Work to complete: Repeat all entries word for word; skip images.

The records:
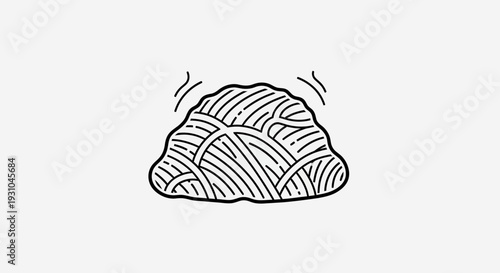 Hand-drawn illustration of a tangled ball of yarn, simple doodle style, isolated on white background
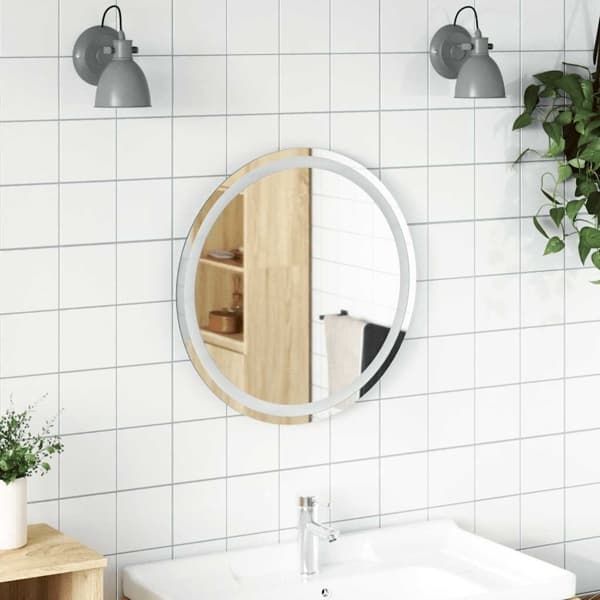 vidaXL Badrumsspegel LED 60 cm rund Transparent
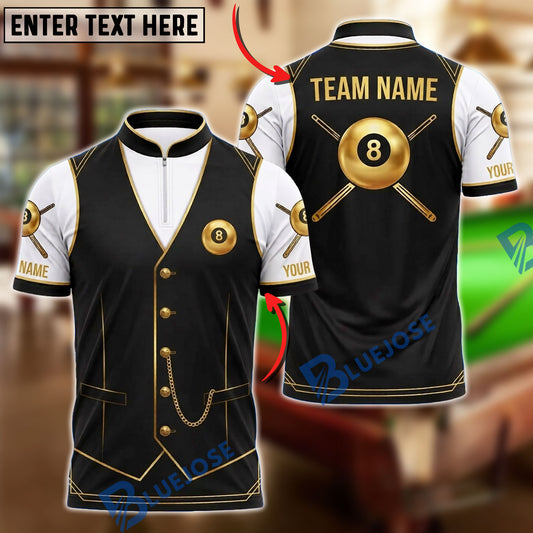 BlueJose Billiards 8 Ball Classic Tuxedo Vest Personalized Name, Team Name Unisex Shirt (6 Colors)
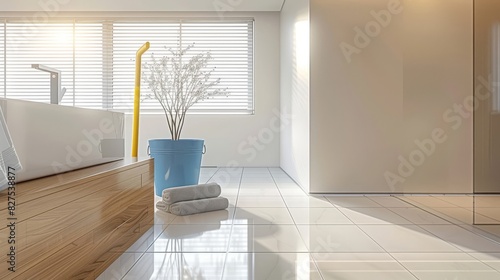 White cleaning tools, soft blue bucket, modern wooden lackluster floor
 photo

Result of the task:
 Hand-drawn illustration of a tangled ball of yarn, simple doodle style, isolated on white background
 vidaXL Badrumsspegel LED 60 cm rund Transparent
 BlueJose Billiards 8 Ball Classic Tuxedo Vest Personalized Name, Team Name Unisex Shirt (6 Colors)
 White cleaning tools, soft blue bucket, modern wooden lackluster floor
 photo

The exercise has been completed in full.